• [DIRECTIONS FOR THIS TASK]: Produce word for word the lines of the data below running from the one that has "For Sale: $297,000" to the one that has "ELISE : Aquarelle", inclusive, and no others.

• [DATA TO USE]:
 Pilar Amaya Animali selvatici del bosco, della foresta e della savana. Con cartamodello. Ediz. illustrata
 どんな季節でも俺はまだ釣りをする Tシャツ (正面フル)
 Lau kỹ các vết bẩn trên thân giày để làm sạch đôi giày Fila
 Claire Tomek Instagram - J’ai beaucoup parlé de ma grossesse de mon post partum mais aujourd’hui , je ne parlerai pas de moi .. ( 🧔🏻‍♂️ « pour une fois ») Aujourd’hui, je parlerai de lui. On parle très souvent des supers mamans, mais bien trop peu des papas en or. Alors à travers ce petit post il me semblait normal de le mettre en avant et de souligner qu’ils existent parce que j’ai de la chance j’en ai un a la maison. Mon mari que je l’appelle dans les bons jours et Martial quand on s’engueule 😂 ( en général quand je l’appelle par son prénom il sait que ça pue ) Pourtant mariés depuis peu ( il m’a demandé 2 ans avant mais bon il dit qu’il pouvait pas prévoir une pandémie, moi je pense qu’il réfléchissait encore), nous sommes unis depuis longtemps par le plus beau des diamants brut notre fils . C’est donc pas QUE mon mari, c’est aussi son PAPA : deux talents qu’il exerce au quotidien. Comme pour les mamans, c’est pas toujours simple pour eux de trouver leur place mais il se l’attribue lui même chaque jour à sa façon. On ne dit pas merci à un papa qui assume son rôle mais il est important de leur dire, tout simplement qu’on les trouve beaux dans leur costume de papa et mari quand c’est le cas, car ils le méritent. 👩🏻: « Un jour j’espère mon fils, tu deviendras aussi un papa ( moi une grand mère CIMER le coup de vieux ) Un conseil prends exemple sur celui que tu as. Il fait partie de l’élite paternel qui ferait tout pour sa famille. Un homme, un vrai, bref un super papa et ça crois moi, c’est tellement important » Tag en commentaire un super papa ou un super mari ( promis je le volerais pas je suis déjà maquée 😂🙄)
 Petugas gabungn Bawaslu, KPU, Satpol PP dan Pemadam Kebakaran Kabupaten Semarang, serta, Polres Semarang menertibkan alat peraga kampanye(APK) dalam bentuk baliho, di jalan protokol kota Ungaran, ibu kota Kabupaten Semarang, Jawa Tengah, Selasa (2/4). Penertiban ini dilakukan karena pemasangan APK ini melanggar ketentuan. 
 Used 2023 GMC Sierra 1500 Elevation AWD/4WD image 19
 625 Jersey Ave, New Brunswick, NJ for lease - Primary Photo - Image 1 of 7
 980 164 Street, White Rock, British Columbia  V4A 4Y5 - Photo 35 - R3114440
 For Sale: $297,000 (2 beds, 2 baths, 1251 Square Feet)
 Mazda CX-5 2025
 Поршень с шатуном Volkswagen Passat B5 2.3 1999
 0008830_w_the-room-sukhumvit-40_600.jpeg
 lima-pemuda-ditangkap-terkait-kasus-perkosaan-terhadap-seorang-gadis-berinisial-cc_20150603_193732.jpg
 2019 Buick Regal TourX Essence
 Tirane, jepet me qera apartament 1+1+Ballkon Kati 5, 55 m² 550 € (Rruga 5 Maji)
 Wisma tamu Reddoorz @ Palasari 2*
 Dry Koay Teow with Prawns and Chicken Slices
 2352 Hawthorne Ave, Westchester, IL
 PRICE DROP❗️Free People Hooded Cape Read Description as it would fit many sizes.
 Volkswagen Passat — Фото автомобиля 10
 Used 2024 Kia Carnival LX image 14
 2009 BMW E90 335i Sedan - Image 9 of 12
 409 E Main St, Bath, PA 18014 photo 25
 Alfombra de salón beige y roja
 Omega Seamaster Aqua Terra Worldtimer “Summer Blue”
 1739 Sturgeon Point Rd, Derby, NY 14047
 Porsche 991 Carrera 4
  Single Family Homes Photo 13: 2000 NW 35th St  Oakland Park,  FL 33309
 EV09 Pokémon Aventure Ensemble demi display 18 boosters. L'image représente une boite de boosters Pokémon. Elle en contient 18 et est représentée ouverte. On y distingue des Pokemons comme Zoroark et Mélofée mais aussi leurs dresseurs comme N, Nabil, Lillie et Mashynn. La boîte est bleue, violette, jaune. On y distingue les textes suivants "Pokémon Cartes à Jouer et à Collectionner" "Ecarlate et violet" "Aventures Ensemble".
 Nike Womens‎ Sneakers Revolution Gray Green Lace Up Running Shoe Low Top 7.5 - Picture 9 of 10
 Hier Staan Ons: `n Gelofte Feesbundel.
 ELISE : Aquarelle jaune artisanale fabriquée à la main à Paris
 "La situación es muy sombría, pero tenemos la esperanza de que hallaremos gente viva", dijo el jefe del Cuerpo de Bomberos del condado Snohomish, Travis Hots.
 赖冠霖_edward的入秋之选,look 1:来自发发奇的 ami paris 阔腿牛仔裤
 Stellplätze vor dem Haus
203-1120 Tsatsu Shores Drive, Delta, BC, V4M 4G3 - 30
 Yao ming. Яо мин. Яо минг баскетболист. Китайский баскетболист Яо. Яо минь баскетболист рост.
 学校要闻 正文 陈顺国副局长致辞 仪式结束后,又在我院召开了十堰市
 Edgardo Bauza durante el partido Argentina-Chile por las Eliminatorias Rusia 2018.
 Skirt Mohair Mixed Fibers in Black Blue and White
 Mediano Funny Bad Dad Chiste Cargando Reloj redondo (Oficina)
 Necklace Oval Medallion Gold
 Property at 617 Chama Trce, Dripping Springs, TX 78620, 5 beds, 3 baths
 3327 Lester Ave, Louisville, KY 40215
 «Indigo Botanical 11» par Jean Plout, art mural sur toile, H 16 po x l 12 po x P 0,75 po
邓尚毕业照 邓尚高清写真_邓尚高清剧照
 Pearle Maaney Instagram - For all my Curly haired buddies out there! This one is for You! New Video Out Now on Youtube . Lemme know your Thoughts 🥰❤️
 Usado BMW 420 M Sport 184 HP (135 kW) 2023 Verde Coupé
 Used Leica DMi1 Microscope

• [RESULT BELOW]:
 For Sale: $297,000 (2 beds, 2 baths, 1251 Square Feet)
 Mazda CX-5 2025
 Поршень с шатуном Volkswagen Passat B5 2.3 1999
 0008830_w_the-room-sukhumvit-40_600.jpeg
 lima-pemuda-ditangkap-terkait-kasus-perkosaan-terhadap-seorang-gadis-berinisial-cc_20150603_193732.jpg
 2019 Buick Regal TourX Essence
 Tirane, jepet me qera apartament 1+1+Ballkon Kati 5, 55 m² 550 € (Rruga 5 Maji)
 Wisma tamu Reddoorz @ Palasari 2*
 Dry Koay Teow with Prawns and Chicken Slices
 2352 Hawthorne Ave, Westchester, IL
 PRICE DROP❗️Free People Hooded Cape Read Description as it would fit many sizes.
 Volkswagen Passat — Фото автомобиля 10
 Used 2024 Kia Carnival LX image 14
 2009 BMW E90 335i Sedan - Image 9 of 12
 409 E Main St, Bath, PA 18014 photo 25
 Alfombra de salón beige y roja
 Omega Seamaster Aqua Terra Worldtimer “Summer Blue”
 1739 Sturgeon Point Rd, Derby, NY 14047
 Porsche 991 Carrera 4
  Single Family Homes Photo 13: 2000 NW 35th St  Oakland Park,  FL 33309
 EV09 Pokémon Aventure Ensemble demi display 18 boosters. L'image représente une boite de boosters Pokémon. Elle en contient 18 et est représentée ouverte. On y distingue des Pokemons comme Zoroark et Mélofée mais aussi leurs dresseurs comme N, Nabil, Lillie et Mashynn. La boîte est bleue, violette, jaune. On y distingue les textes suivants "Pokémon Cartes à Jouer et à Collectionner" "Ecarlate et violet" "Aventures Ensemble".
 Nike Womens‎ Sneakers Revolution Gray Green Lace Up Running Shoe Low Top 7.5 - Picture 9 of 10
 Hier Staan Ons: `n Gelofte Feesbundel.
 ELISE : Aquarelle jaune artisanale fabriquée à la main à Paris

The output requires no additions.